Привычно читать тексты Пригова 1970—1980-х годов как насмешливую деконструкцию советского идеологического языка, тоже, кстати говоря, вещавшего «с точки зрения народа». Однако стоит задаться вопросом: детально разработанная Приговым логика пустоты и отсутствия, действительно ли она только советская? Или, может быть, – русская? Ведь камлает же Пригов (в духе прокурора из «Братьев Карамазовых») о русском человеке, который
«тоскует в месте своего пребывания о месте своего пребывания, но как бы в его чистом, идеальном, недостижимом образе. Тоскует он с точки зрения будущего, вечности, явленной ему как нечто недостаточное в окружении его и не могущее быть ничем восполненным. И переживается это как прирожденное сиротство, актуализирующееся конкретно и даже соматически при пространственных перемещениях. …Русский – изгой в доме своем. … Впереди русского – пропасть, позади – пропасть, по бокам – пропасти! Нету русскому человеку пристанища в этом мире! И берет русский человек пистолет в руку, или какое еще орудие мести самому себе, как существу временному и пространственно униженному, т.е. метафизически беспутному, и уходит на свою родину, вернее – Родину. Так вот гибнет русский человек за Родину, и нету слаще, как погибнуть за Родину!»
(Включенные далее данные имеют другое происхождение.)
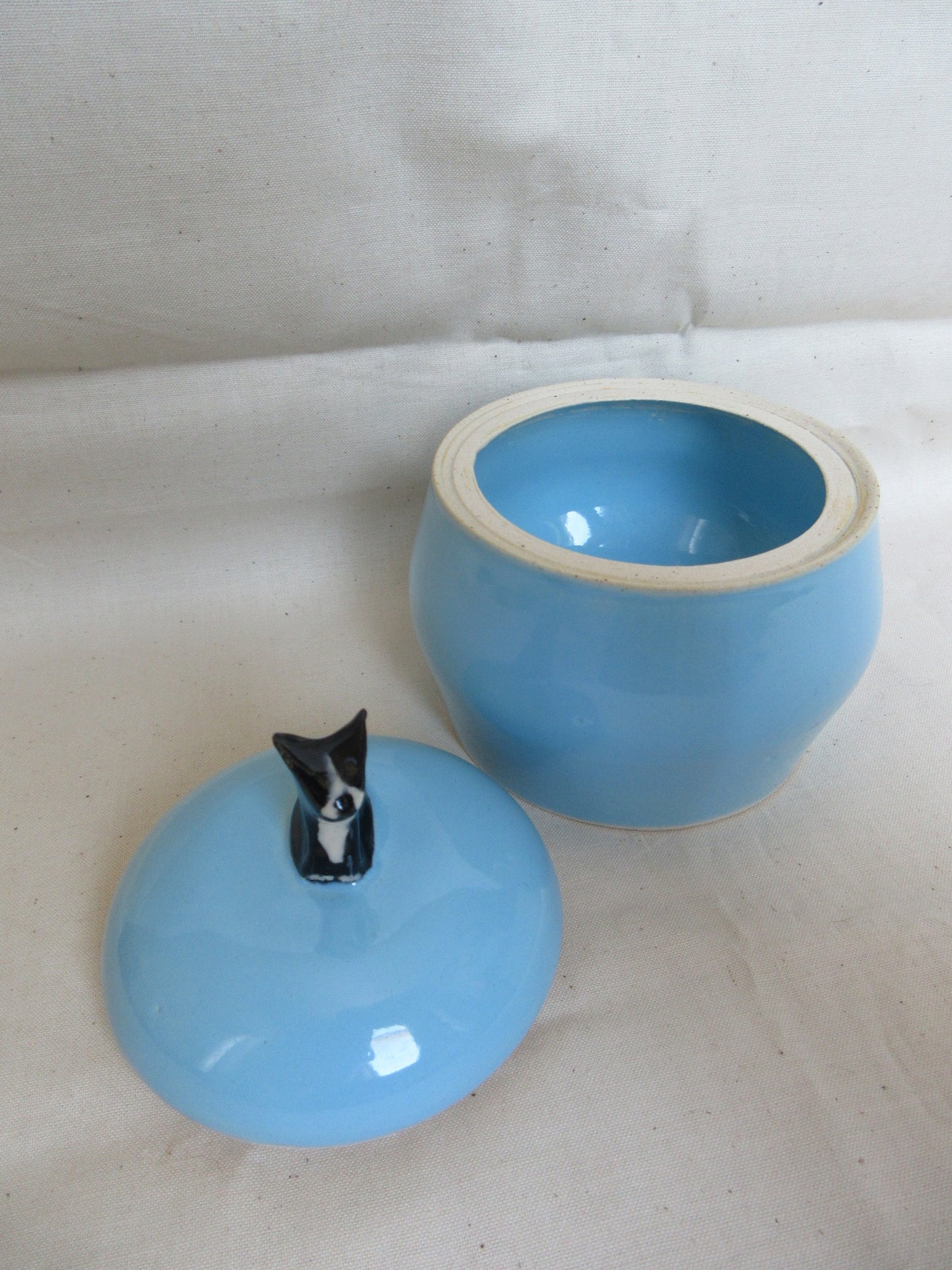 Jar - Doggie 1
Нельзя не отметить дату текста «Что русскому здорово, то ему и смерть», из которого взята эта пространная цитата, – 1991 год. К этому времени Пригов, как и другие нонконформисты, выходит из андеграунда и начинает со все возрастающей интенсивностью путешествовать по белу свету. Не потому ли уже в 1995 году он пишет текст «Стратификации» (из него впоследствии вырастет целая книга «Уравнения и установления», 2001), в котором черты разных народов будут обсуждаться как «национальные особенности» пустоты. Выходит, то, что воспринималось как советское или русское, оказывается вполне универсальной (т.е. бессмысленной) характеристикой:
«Датчане смеются как люди, и если их принять за 1, то англичан можно обозначить как 0,9, французов – как 0,8, швейцарцев немецкоговорящих – как 0,6, немцев – как 0,2, итальянцев же опять как 0,85, русские могут понять на 0,5, а китайцы уже 1,2, демоны их –8, демоны остальные – 5, вампиры, оборотни, сосуны и вонючки – 2. Про ангелов не говорится. Святые, наверное, где-то на абсолютном нуле, но в иной классификации».